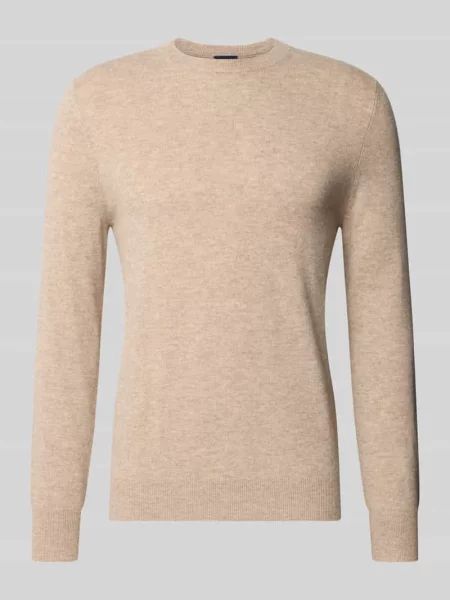 Sweter z dzianiny z mieszanka wełny i kaszmiru o kroju regular fit Christian Berg Men beżowy
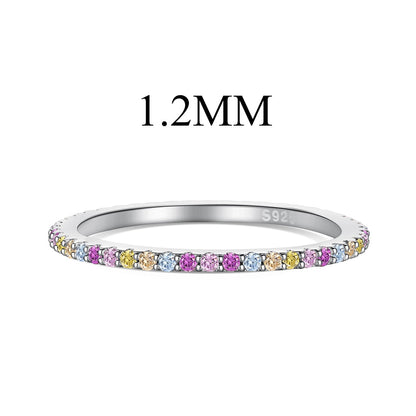 [Revel Jewelry]Ornate Colorful Round Cut Tennis Ring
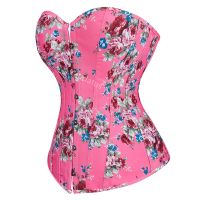 【LZ】✶  Plus Size Burlesque Flor Lace Up Espartilho Bustier Top Overbust Corselet Lingerie Sexy Traje Rosa Roupas Femininas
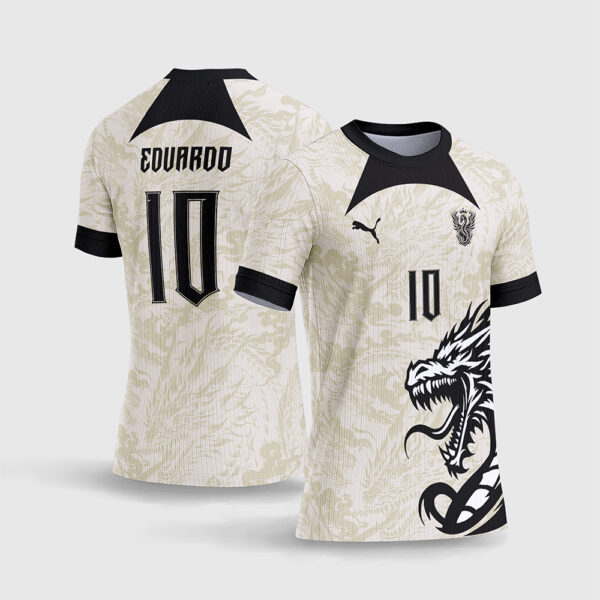 Arte Vetor Camisa Interclasse Dragão Bege Creme Detalhes Pretos Marca d'Água Oriental Textura de Luxo Sublimação Total CorelDRAW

* TASK PROMPT
Write out an exact reproduction of the lines from the line that holds "[Revel Jewelry]Ornate Colorful" to the bottom of the listing above, both ends included. Exclude pictures.

* OUTPUT
 [Revel Jewelry]Ornate Colorful Round Cut Tennis Ring
 【LZ】✶  Plus Size Burlesque Flor Lace Up Espartilho Bustier Top Overbust Corselet Lingerie Sexy Traje Rosa Roupas Femininas
 Arte Vetor Camisa Interclasse Dragão Bege Creme Detalhes Pretos Marca d'Água Oriental Textura de Luxo Sublimação Total CorelDRAW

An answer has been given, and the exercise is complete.